Given records
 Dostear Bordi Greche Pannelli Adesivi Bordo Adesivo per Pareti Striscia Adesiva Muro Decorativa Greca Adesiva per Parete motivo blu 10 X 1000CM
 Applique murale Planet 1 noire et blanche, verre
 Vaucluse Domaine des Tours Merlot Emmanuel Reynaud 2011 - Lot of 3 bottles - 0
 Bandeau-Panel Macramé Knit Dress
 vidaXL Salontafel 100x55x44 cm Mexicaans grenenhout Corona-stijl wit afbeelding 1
...
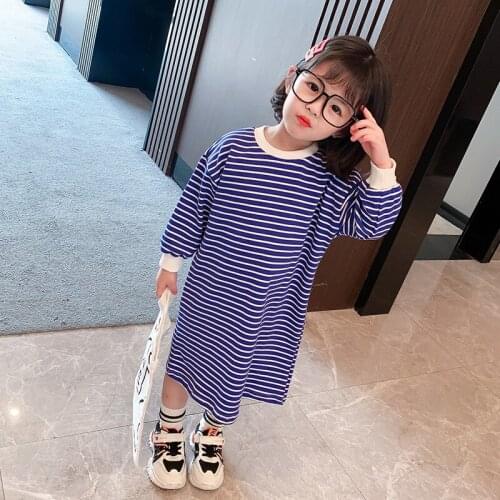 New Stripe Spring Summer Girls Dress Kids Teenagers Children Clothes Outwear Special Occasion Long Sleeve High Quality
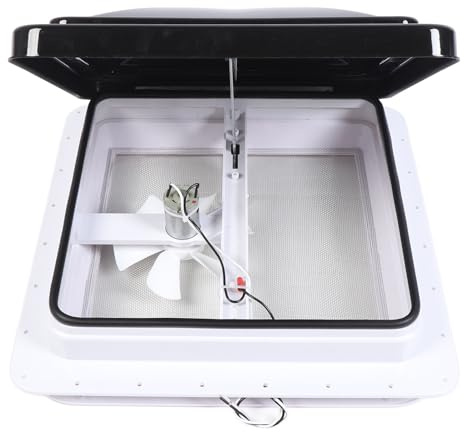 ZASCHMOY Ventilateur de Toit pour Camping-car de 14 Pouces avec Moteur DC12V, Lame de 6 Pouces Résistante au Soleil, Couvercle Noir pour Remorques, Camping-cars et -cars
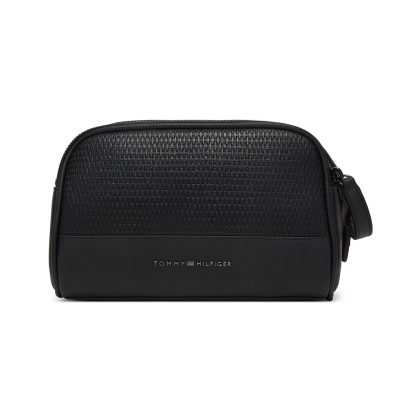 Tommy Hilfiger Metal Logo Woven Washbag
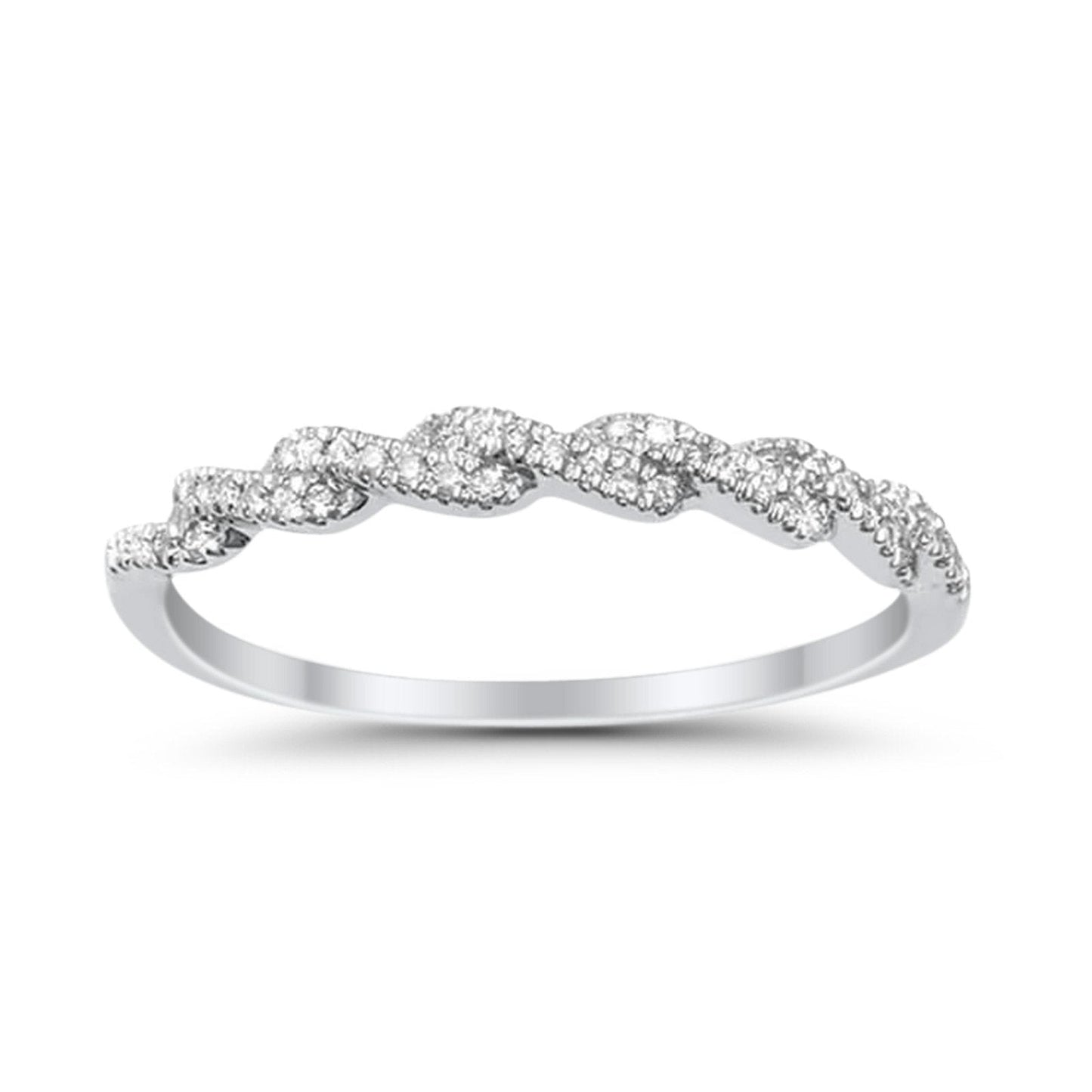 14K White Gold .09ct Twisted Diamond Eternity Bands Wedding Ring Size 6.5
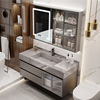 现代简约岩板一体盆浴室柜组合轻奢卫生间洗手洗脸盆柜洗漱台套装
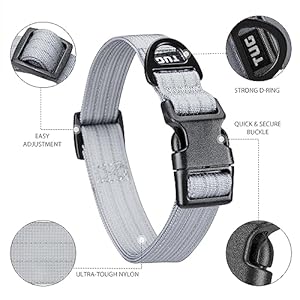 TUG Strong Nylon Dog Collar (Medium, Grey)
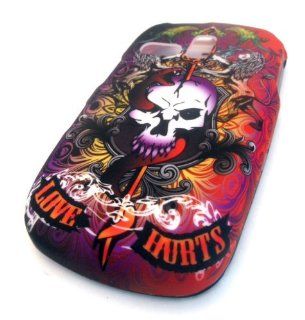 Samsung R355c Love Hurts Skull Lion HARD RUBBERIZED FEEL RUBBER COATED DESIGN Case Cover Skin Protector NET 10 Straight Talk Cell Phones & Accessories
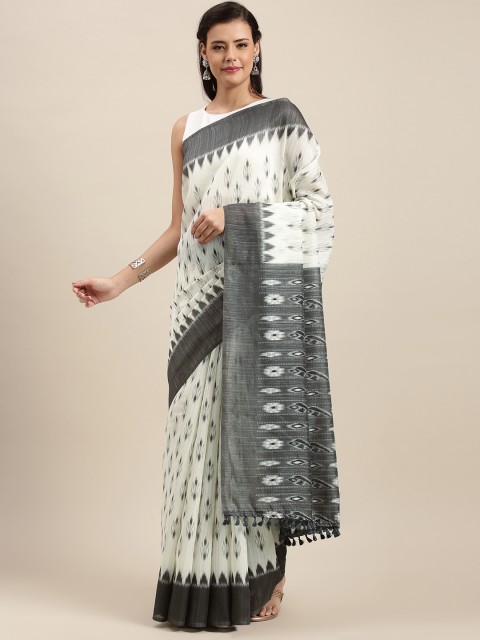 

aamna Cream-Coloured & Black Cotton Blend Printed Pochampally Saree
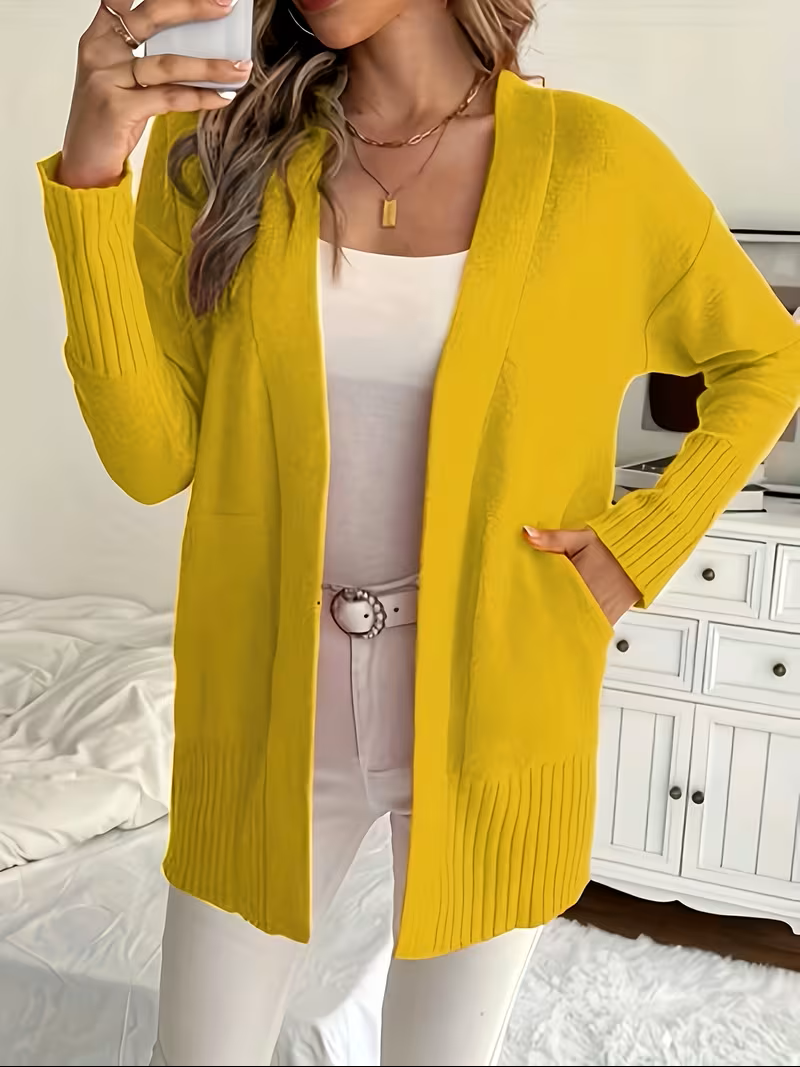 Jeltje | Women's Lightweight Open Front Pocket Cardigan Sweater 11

Problem to work on
Keep to the stretch from the line containing "现代简约岩板一体盆浴室柜组合轻奢卫生间洗手洗脸盆柜洗漱台套装" through the line containing "Jeltje | Women's", both ends included, and copy it exactly from the listing above, minus the pictures.

Reply to the task
 现代简约岩板一体盆浴室柜组合轻奢卫生间洗手洗脸盆柜洗漱台套装
 TUG Strong Nylon Dog Collar (Medium, Grey)
 Samsung R355c Love Hurts Skull Lion HARD RUBBERIZED FEEL RUBBER COATED DESIGN Case Cover Skin Protector NET 10 Straight Talk Cell Phones & Accessories

aamna Cream-Coloured & Black Cotton Blend Printed Pochampally Saree
 Jeltje | Women's Lightweight Open Front Pocket Cardigan Sweater 11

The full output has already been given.